On this morning Saraswati struggled to get out of bed.
Well, I say morning because the birds had begun their morning raga’s. Long before the beautiful hues of blue streaked the sky across the dry land. It was the one time that the land felt magical and mystical. A land claimed over the years by the desert. Few shrubs remained to tell the story of long gone days of the changing of the seasons through hues of green, to golden and then brown. Furrows cut and burnt into the white caked mud told the story of a river that once must have flowed.No one spoke much in the village of Baramur. What needed to be done was simple and ritualistic. Nor was there the usual merriment of festive occasions provoked by the mating rituals of young men and women. For if heard carefully this was a village of older people. The dominant sounds of the day would be the dry cracked sounds of older vocal chords, not contradicted by the clear sing song lyricism of the young men and women.
Quietly Saraswati put on the bells on her anklets, making sure that the sound would not wake up her husband. She loved this sound, and would walk with a step harder than normal, so that the other women at the well would her be envious of her anklet bells. It was the only thing her parents could give when she left her village in a time that seemed so far far away now. And as Saraswati walked by her husband she rebelliously put her foot down hard to play with destiny a little. But she knew that the emaciated body ravaged by the desert and by age, snoring through an open toothless mouth would not wake up till the flies flowed uncomfortably across his mouth looking for left overs.

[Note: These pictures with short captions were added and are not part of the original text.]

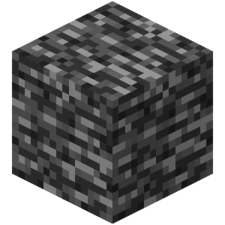 TerraeMC - Bedrock & Java Compatible Towny Server!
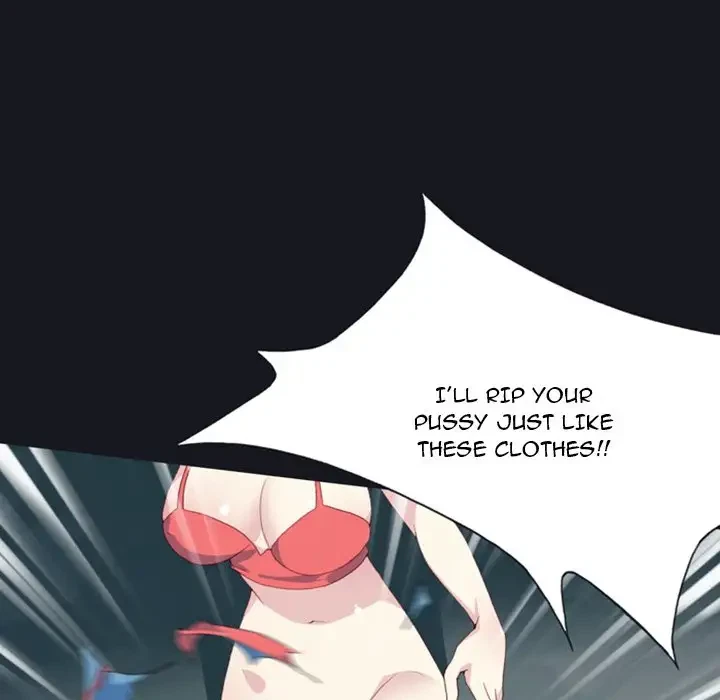 Chapter 7, page 17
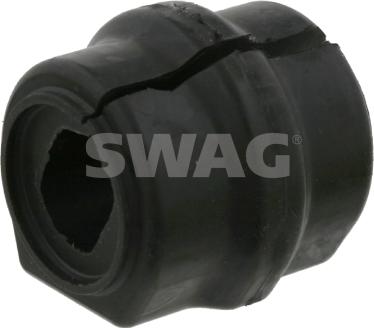 Swag 62 92 2714 - Coussinet de palier, stabilisateur droxauto.com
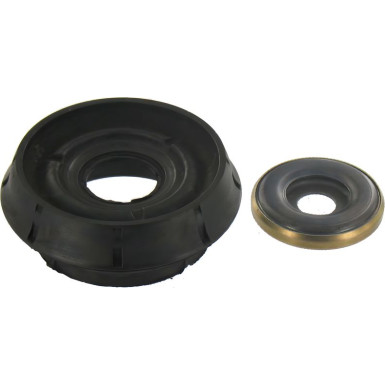 SKF Stützlager 1Stk. VA RENAULT Twingo I 96-07 VKDA 35600 SKF Stützlager 1Stk. VA RENAULT Twingo I 96-07 VKDA 35600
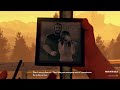 firewatch full story 1440p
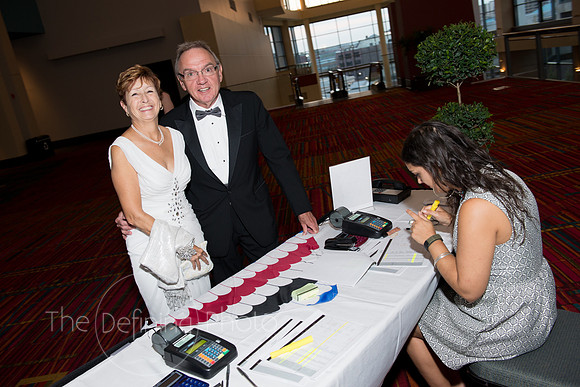 Splendor_2013_078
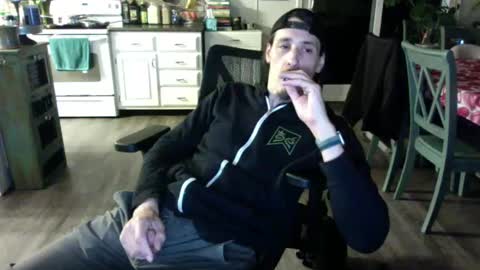 dabbylonglegs online show from 02.04.25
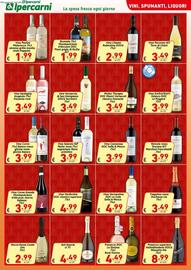 Volantino Ipercarni Pagina 13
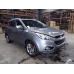 HYUNDAI IX35 COURTESY LIGHT FRONT, LM SERIES, 11/09- 2014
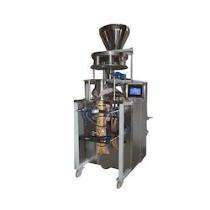HI MAKE AGRO 10 packet/min Liquid Automatic Filling Machine_0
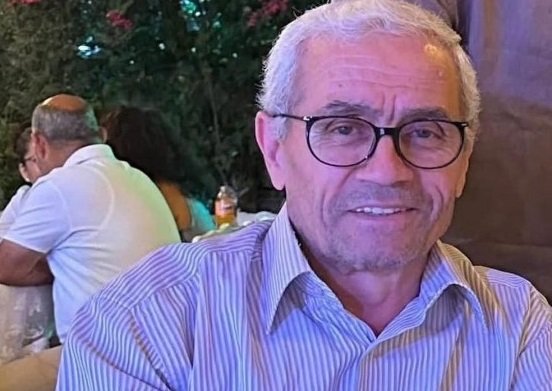 Ağaç budarken çıktığı duvardan düşen şahıs hayatını kaybetti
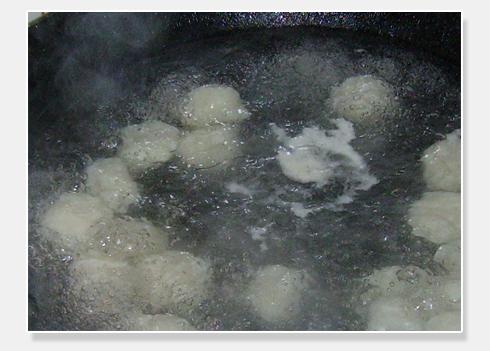 ���貤����������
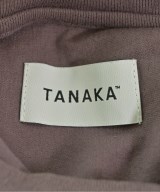TANAKA（タナカ）Tシャツ・カットソー 紫 サイズ:L メンズ/2200650179011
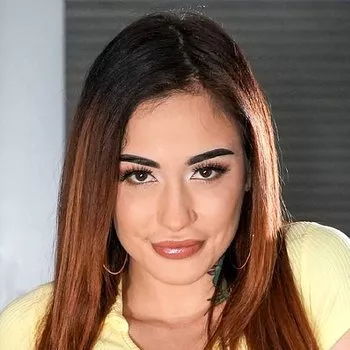 Star du porno Chanel Brooks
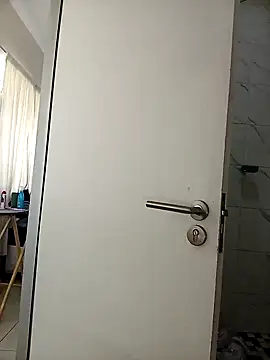 Snapshot of Cocowett chatting on 11, 9, 2025 Cocowett online show from 11, 9, 2025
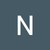 Noti Fication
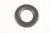 C00650459 488000650459 Kochfeldknopf Kappe schwarz Emaille D.C. SEM.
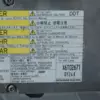 Ліва фара Honda S2000 2.0 1999-2004 100-22315 it-13789 Бензин - 14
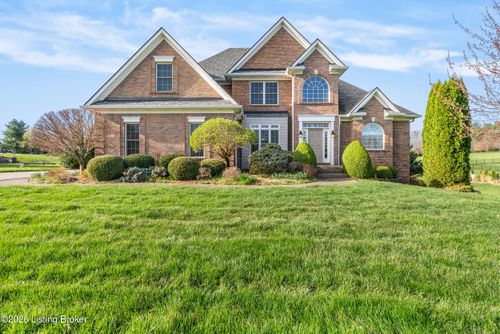1021 Windsor Dr, Shelbyville, KY, 40065-7378 | Card Image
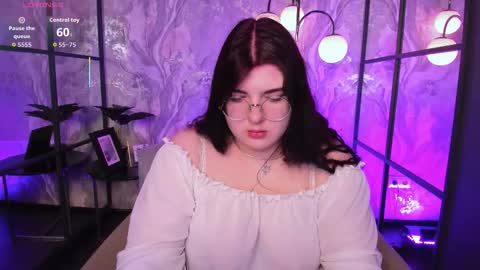 Siena online show from 03/07/26, 10:07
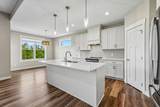 12580 Masters Lane - Photo 17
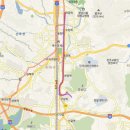 연원운수 이미지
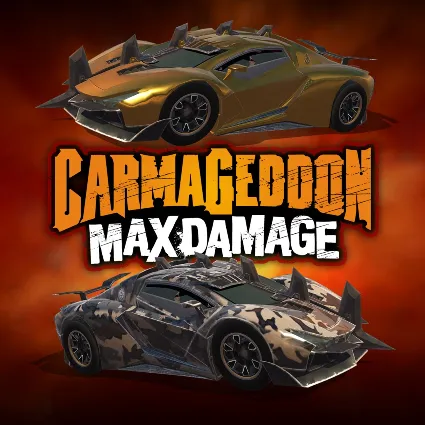 Iron Hawk Pack | XBOX | На любой аккаунт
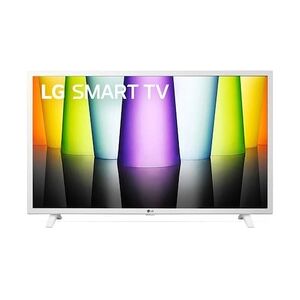 LG 32LQ63806LC 81cm 32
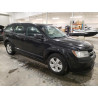 2013 DODGE JOURNEY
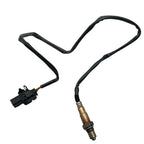 O2 Oxygen Sensor for BMW 325 330 525 530 X3 (2003–2006)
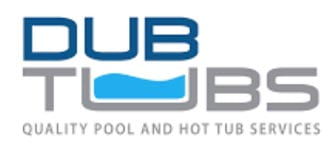 Team Sponsor: Dub Tubs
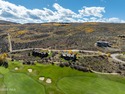 Rare Opportunity in Red Sky Ranch - Norman Course 65 Eagle for sale in Wolcott Colorado Eagle County County on GolfHomes.com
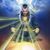 Jose Seda's profile image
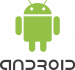 android-logo-png-6 android-logo-png-6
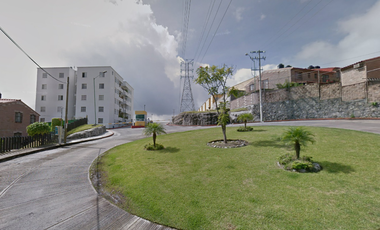 VENTA DE CASA, AHUHUETE, CHIPITLAN, CUERNAVACA MORELOS, REMATE BANCARIO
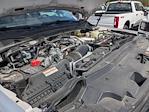 New 2025 Ford F-350 Lariat Crew Cab 4WD SRW Pickup for sale #SEC35594 - photo 33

But a thrill passed her every time she did that. Imagine if he woke up to discover that his wife was not at all the woman that he stored away in one corner of his mind ! Saraswati rushed out, bent over and coughed. Her back ached, but there was no escape. They said that this was how it was, but at fifteen Saraswati’s heart played a song with what lay on the horizon,
And so it was everyday. Just as the hues of blue showed the silhouette of the village, young girls emerged like ghostly shadows from a fairy tale. These were the child brides of the well’ as they had become known to villages far away. As the rivers and the wells retreated into their distant sanctuaries, leaving in their wake villages and communities desolate but for older people unable to move to the cities to fight another existence, another life, as always the Caste system provided the solution. This was after all a village of higher castes.
The priests let it be known that for young virgin to be married into a higher caste would absolve her whole family and their lineage of bondage into servitude. Young low caste girls were consecrated by the priests in temples (some for periods longer than normal) and amid much ceremony, a procession of 20 young girls were sent from outlying villages to Baramur. It was a strange sight – young girls nervous and giggly, walking into a village to welcomed by bent old men and women, anxiously looking for young high caste men that had agreed to marry them. Only when the marriage rites began, and as the drums played and the girls emerged from the huts with coy smiles on their faces did they realize that the bent old bodies in tattered turbans were about to become their husbands.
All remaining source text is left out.